So, according to the received wisdom in R v Kalanj, [1989] 1 SCR 1594, (as amplified by subsequent judgments) there is only 4 months of post-charge delay.  Certainly, this is the view to which the Military Police and DMP subscribe.  That perception is understandable because that is also the view to which military judges subscribe: see R v MCpl Tuckett, 2019 CM 3006 for one of the most recent examples.

Consequently, I cannot envision the Military Police or DMP doing anything to try to speed up the investigative time frame.  Why would they?  There’s little motivation to do so, even when civilian police appear capable of completing such investigations in 1/10 the amount of time.  As was observed by the Alberta Court of Appeal in a matter concerning actions by professional regulators, “… Delay becomes the norm when it has no consequence.”: Wachtler v College of Physicians and Surgeons of the Province of Alberta, 2009 ABCA 130, para 49.[17]

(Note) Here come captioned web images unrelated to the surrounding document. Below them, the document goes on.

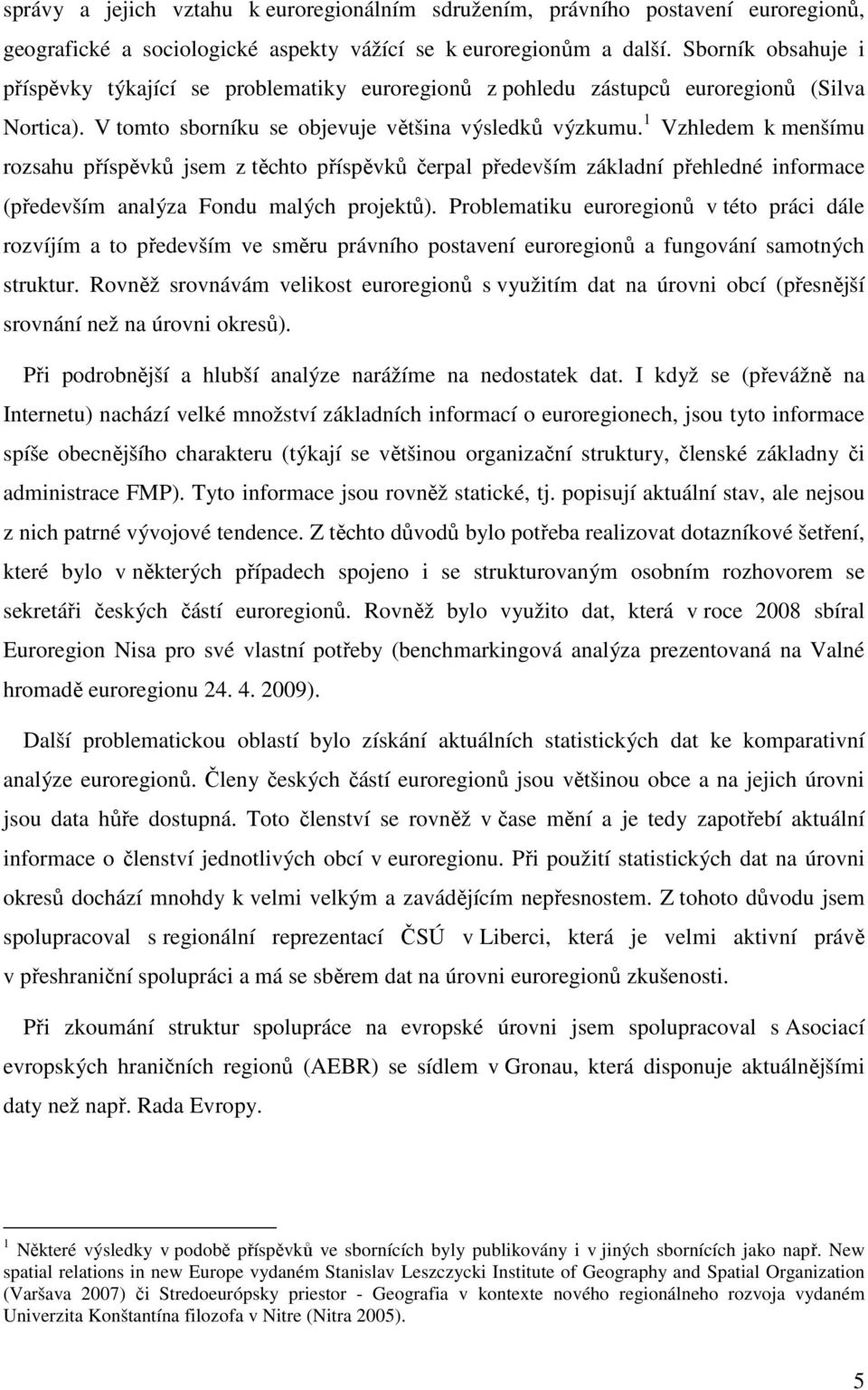 1 Vzhledem k menšímu rozsahu příspěvků jsem z těchto příspěvků čerpal především základní přehledné informace (především analýza Fondu malých projektů).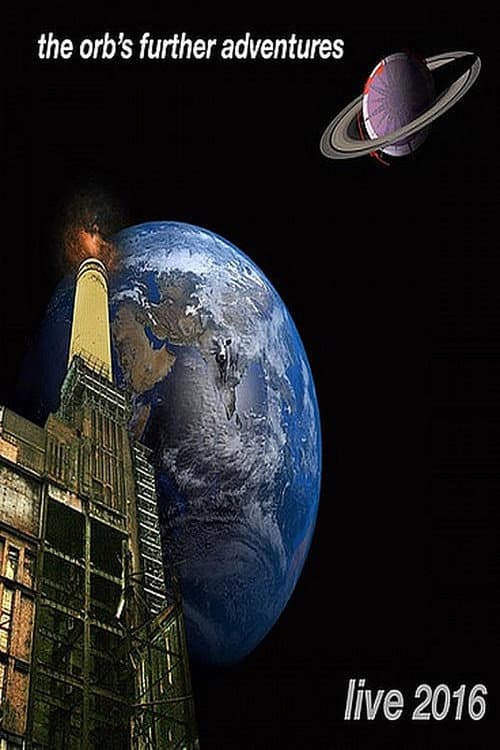 The Orb: The Orb's Further Adventures Live (2017) poster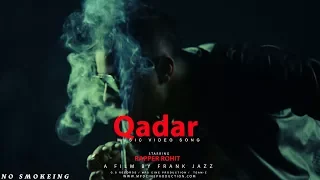 Qadar II Rapper Rohit (Rsquare) II Official Video || G.S Records 2018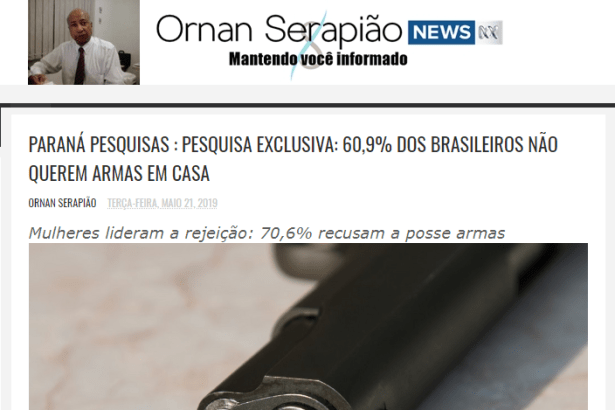 Portal Ornan Serapião divulga pesquisa nacional realizado pela Paraná Pesquisas sobre os brasileiros terem ou não uma arma de fogo em casa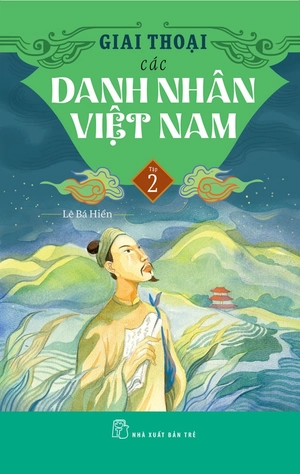 giai thoại các danh nhân việt nam - tập 2 - Ảnh 2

Granted, Sgt Fumbles is likely concerned about all of the delay, since he may well have been arrested at the outset of the investigation and may have been serving under CRO-imposed release conditions for the entire period of time.  He may also have been subject to conditions imposed on his service.  While the chain of command will likely hold off on initiating an Administrative Review or Remedial measures under Defence Administrative Order and Directive (DAOD) 5019-4 until after the disciplinary process is complete, it is entirely possible (even likely) that Sgt Fumbles would be subject to significant immediate administrative action.

For example, if he was on a course at the time of the allegations, he could (and probably would) be removed from training (“… for his safety or for the safety of others …”).  Equally, if he anticipated going on course, his CO may conclude that it wouldn’t be prudent for him to proceed on a course.  He might even be removed from his unit in an administrative manner or even ‘relieved from performance of military duty’ under QR&O 101.09.

And remember, at this point in time, Sgt Fumbles has not been found guilty of anything, has not been offered any opportunity to make full answer and defence, and it was 12 months before he was even charged with any offence.  Yet he may well have been subject to significant disciplinary and administrative restrictions from the outset (i.e. when the allegations were fist raised).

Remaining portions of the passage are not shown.